Ukraine's president and prime minister didn't immediately assign blame for the incident.

Prime Minister Arseniy Yatsenyuk ordered a special investigation into the crash, as well as the downing of a Ukrainian AN-26 military cargo aircraft and a Ukrainian SU-25 fighter jet in the same area earlier this week.

"This is the third tragic incident in recent days after the AN-26 and SU-25 were shot down," Ukrainian President Petro Poroshenko said in a statement. "We can't rule out that this plane was also shot down, but we underscore that the Ukrainian armed forces were not carrying out any actions to strike airborne targets."

If a passenger jet was shot down over Ukraine, attackers would have had to use a sophisticated surface-to-air missile system, not the shoulder-fired weapons that are more accessible and easier to use.

Those weapons, nicknamed manpads, have been used in attacks against commercial aircraft in the past. But their rangedoesn't approach the 30,000-foot cruising altitude of passenger jets.

The Federal Aviation Administration said that Ukraine had advised pilots on Monday not to fly over the conflict zone in eastern Ukraine at altitudes between 26,000 and 32,000 feet—a height that Flight 17 appeared to have been exceeding before it crashed.

Under a codeshare agreement between Malaysia Air and the Dutch airline KLM, the downed flight was also flying as Flight KL4103. Dutch public broadcaster NOS reported that at least 55 Dutch citizens were on board the plane, based on early estimates of domestic travel agencies. Relatives of passengers gathered late Thursday at a restaurant in Amsterdam's Schiphol Airport to be briefed by officials. The people were escorted by security officers and couldn't be approached for comment.

French Foreign Minister Laurent Fabius said at least four French citizens were on board Flight 17. Air France, AF.FR -1.45% KLM, Lufthansa LHA.XE -2.37% and Air India announced that they would no longer route planes over the contested regions of eastern Ukraine. The FAA said U.S. airlines had also agreed to avoid the region.

Mr. Poroshenko expressed condolences to the relatives of those killed and said Ukrainian authorities were engaging in all possible rescue efforts.

Russian President Vladimir Putin expressed his sympathies to the prime minister of Malaysia for the crash over Ukrainian airspace, according to a statement published on the Kremlin's website.

"The Russian head of state asked to convey his most sincere words of sympathy and support to the families and friends of the victims," the Kremlin said.

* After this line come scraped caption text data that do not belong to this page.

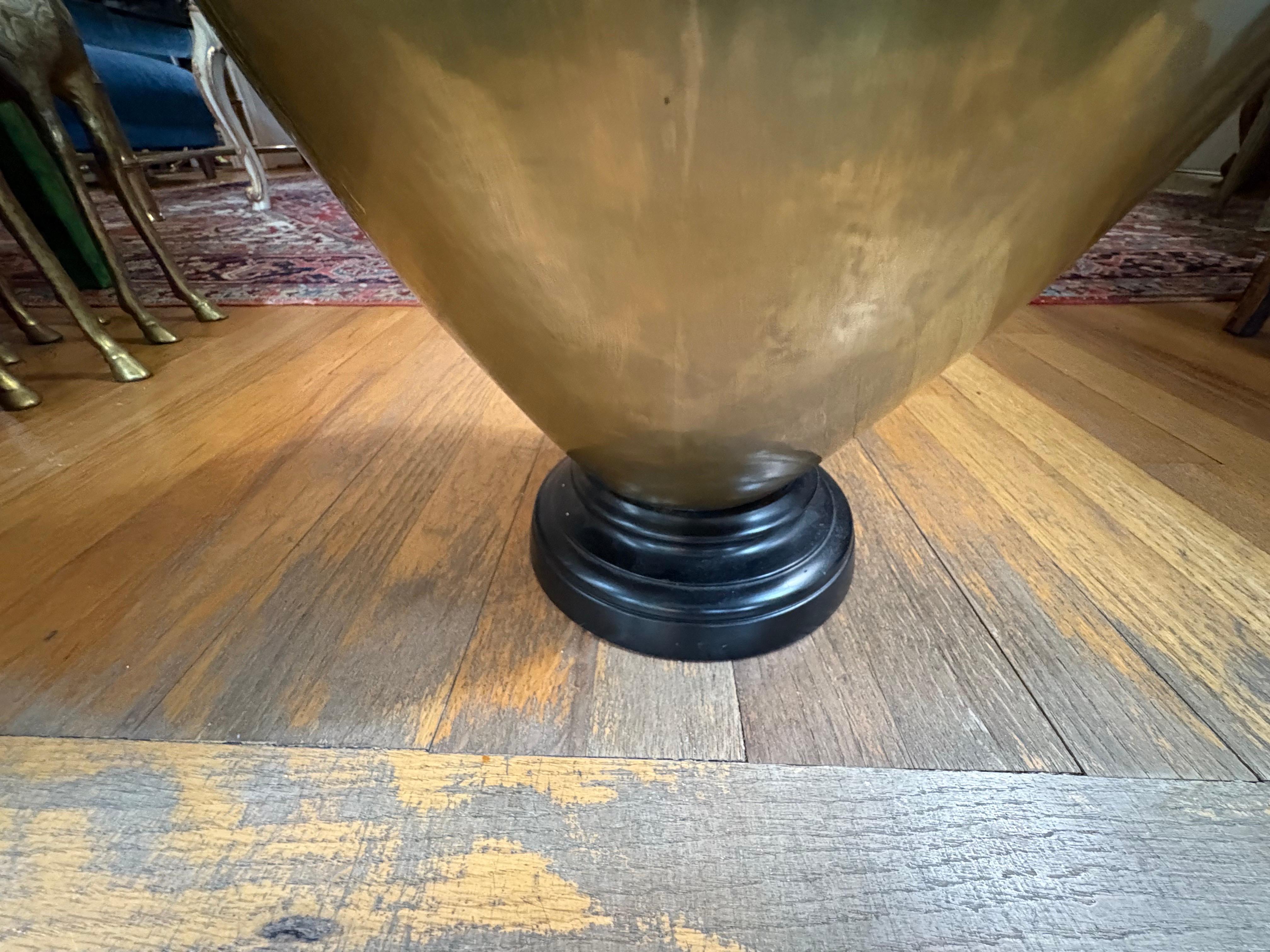 Sconosciuto Coppia di lampade a urna in ottone in stile neoclassico in vendita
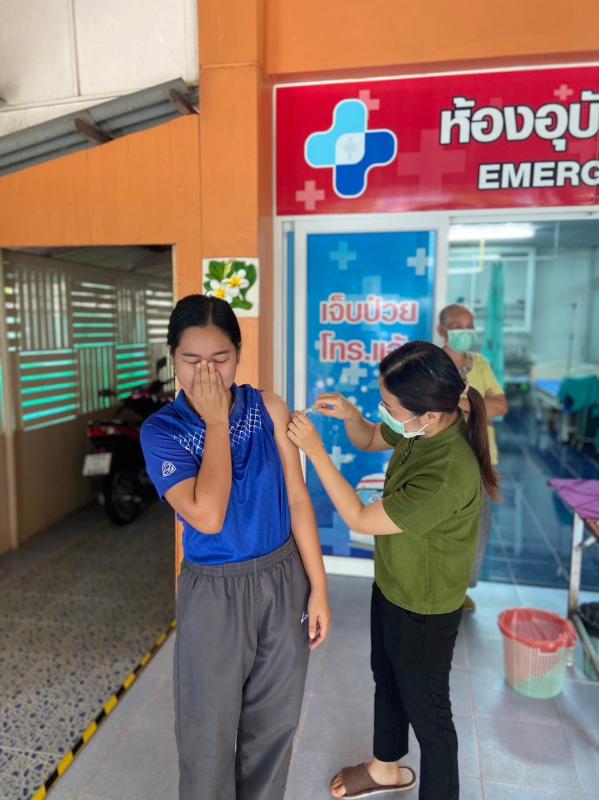 4/10/66 รพ.สต.บ้านสันป่าไร่ ฉีดวัคซีน HPV เข็ม 1 บุคลากรสาธารณสุข,ครู,อสม. ที่อายุไม่เกิน 45 ปี จำนวน 37 คน และฉีดวัคซีนนักเรียนชั้น ป.1,2,6 จำนวน 77 คน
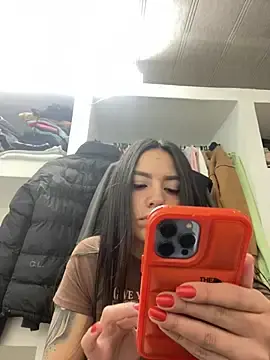 Stripchat Sex Cam of Marianahb-e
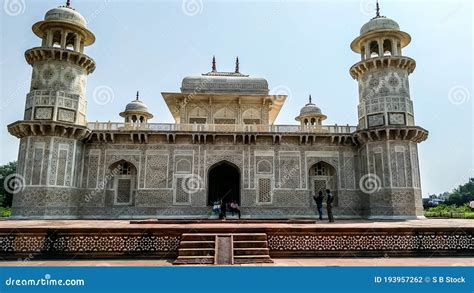 Taj Mahal Tomb Mausoleum A White Marble Of Mughal Emperor Shah Jahan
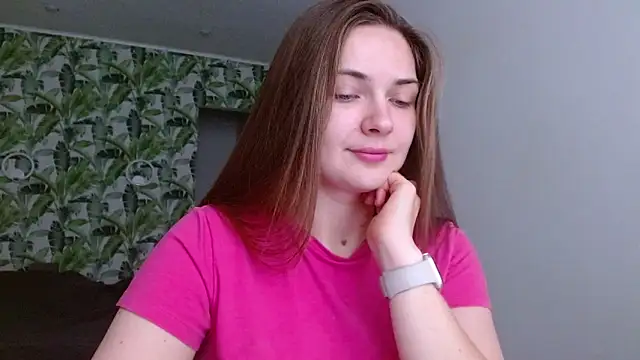 Olivia shine online show from 11/23/25, 05:50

In 2001, the Ukrainian military mistakenly shot down a commercial passenger jet that was en route from Tel Aviv to Novosibirsk with a land-to-air missile that was fired during a military exercise. All the 66 passengers and 12 crew members on board the plane were killed in the blast.

In Malaysia, Prime Minister Najib Razak expressed shock and said the government was launching an immediate investigation into the incident.